Amilia is looking forward to having much more space to roam in Australia, and more sunshine to do it in. “Because of the climate we’ll spend most of the time outdoors. For me that’s a huge difference. Here the winter is very long and I do feel quite claustrophobic, because when you have kids you spend four to six months pretty much indoors, with the walls closing in on you.”

Amilia and Jan will be taking their bicycles with them, but they’re conscious that the country roads of Armidale won’t share Holland’s famous cycling culture. “You’ve got to be a bit careful with it,” says Amilia. “And I certainly will not use the bike to get the shopping, I can assure you of that! I love cycling, but more as a fun thing to do. Not if I have to drag kilos of stuff on the bike – that bit I can live without. I’m not a die-hard Dutchie.”

Amazingly, despite all the challenges of a move across the world, Amilia has refused to write a single list. “It’s all in here,” she says, pointing to her head. “Otherwise I’d panic more. I could make a whole Excel planner of what needs to be done, and where and how, but it would actually make me more stressed. So I’m actually just doing it day by day, step by step.”

I turn to Naomi, and begin to ask if the fact that Amilia is doing it makes her – she interrupts me. “YES!” she blurts out. “I’m listening to your story,” she says to Amilia almost tearfully, “thinking ‘Yes, that’s true…’.”

“What we’ve found all these years,” advises Amilia, “is just saying that it’s on the table, and keeping it as an option, somehow gives you peace of mind, even if you know deep down that you’re never going to do it.”

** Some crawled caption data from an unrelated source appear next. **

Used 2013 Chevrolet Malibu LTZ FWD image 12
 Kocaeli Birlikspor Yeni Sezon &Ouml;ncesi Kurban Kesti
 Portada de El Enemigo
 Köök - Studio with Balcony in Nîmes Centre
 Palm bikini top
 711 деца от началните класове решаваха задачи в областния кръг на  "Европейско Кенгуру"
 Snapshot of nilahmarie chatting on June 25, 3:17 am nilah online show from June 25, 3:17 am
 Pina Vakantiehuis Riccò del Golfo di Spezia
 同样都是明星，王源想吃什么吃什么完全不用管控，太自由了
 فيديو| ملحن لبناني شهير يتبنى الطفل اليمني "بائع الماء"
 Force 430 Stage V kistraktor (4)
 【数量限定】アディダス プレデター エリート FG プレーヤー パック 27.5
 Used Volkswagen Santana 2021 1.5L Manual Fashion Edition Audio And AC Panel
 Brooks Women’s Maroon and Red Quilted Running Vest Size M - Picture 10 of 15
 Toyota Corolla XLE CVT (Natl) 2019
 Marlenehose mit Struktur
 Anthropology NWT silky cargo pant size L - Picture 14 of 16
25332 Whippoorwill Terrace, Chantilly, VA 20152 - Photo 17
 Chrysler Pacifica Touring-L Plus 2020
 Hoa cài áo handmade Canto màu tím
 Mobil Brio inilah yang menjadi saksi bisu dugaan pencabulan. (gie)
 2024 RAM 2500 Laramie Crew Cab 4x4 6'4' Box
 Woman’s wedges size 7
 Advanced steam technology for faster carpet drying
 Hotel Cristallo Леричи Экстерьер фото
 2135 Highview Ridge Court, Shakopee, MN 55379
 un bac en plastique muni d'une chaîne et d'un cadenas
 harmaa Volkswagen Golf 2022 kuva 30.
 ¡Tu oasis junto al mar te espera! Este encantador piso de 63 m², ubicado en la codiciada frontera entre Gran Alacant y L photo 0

But Amilia really is doing it. And ironically, she knows that even when she’s home, she’ll still feel foreign. “That feeling will always be there I think. I know even being back in Australia after X number of years I will still not feel completely 100% Australian. Because we’ve had this experience, and it’s been for such a substantial period of time, you can’t wipe that out, and you develop in a different way because of living in a foreign environment. And that will always be there, and I’m glad about that, I wouldn’t want to lose that.”

Amilia moves just after Christmas, and has one last, but very important request. “If any Dutch people living in or around Armidale read Holland Focus, please feel free to get in touch.”